- _Exercise prompt_: Once you reach the line with "각종 채소들과 콩단백" below, copy each line exactly, stopping after the line with "MINISO HD Printed", and skip any pictures.

- _Provided material_:
_ _ _
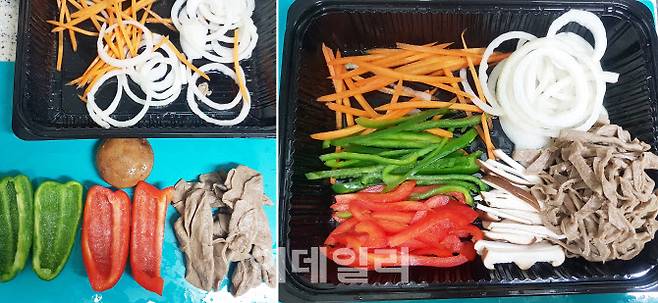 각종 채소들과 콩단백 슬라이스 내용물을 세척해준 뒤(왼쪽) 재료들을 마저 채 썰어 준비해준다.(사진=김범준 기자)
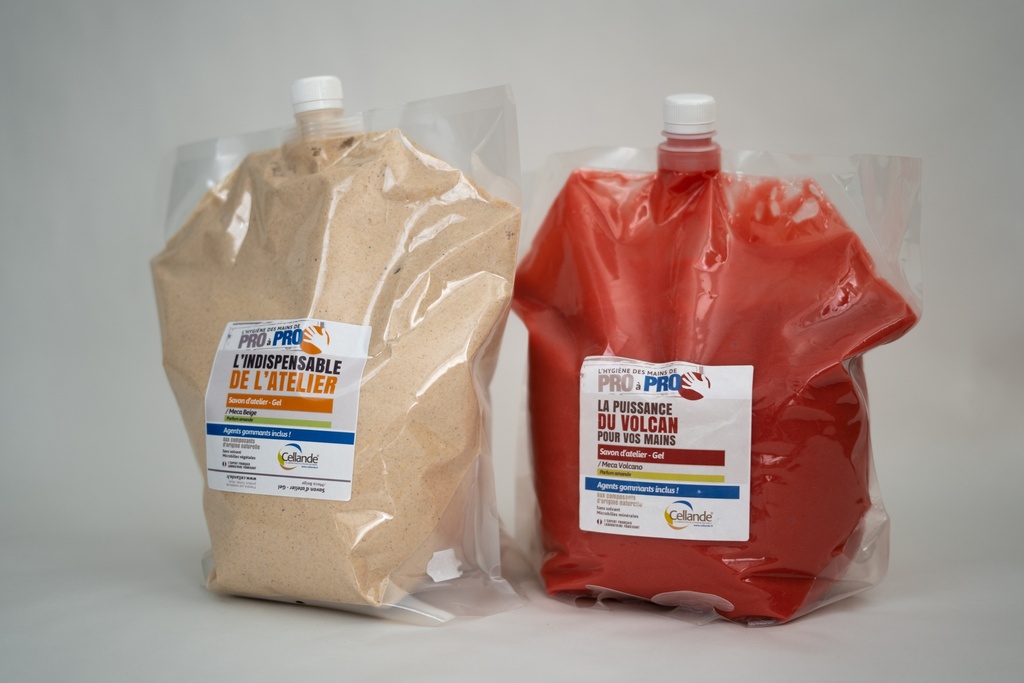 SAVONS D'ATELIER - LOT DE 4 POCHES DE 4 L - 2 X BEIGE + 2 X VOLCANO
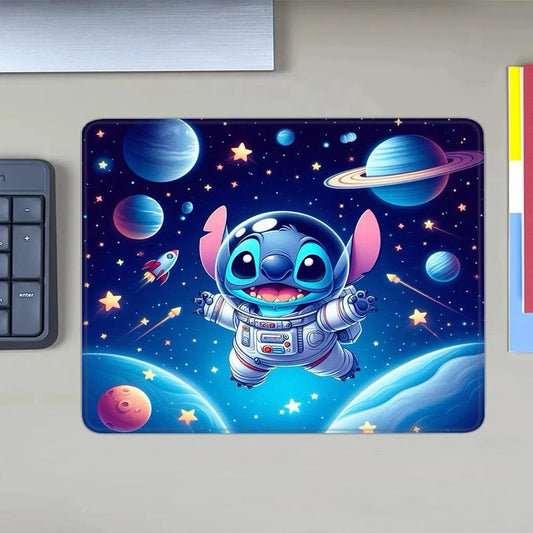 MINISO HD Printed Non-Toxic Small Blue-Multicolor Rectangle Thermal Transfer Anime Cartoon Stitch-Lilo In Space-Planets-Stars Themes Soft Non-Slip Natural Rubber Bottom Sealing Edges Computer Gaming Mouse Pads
_ _ _
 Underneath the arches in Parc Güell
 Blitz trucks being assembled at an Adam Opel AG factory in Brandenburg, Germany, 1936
_ _ _
- _Solution_:
 각종 채소들과 콩단백 슬라이스 내용물을 세척해준 뒤(왼쪽) 재료들을 마저 채 썰어 준비해준다.(사진=김범준 기자)
 SAVONS D'ATELIER - LOT DE 4 POCHES DE 4 L - 2 X BEIGE + 2 X VOLCANO
 MINISO HD Printed Non-Toxic Small Blue-Multicolor Rectangle Thermal Transfer Anime Cartoon Stitch-Lilo In Space-Planets-Stars Themes Soft Non-Slip Natural Rubber Bottom Sealing Edges Computer Gaming Mouse Pads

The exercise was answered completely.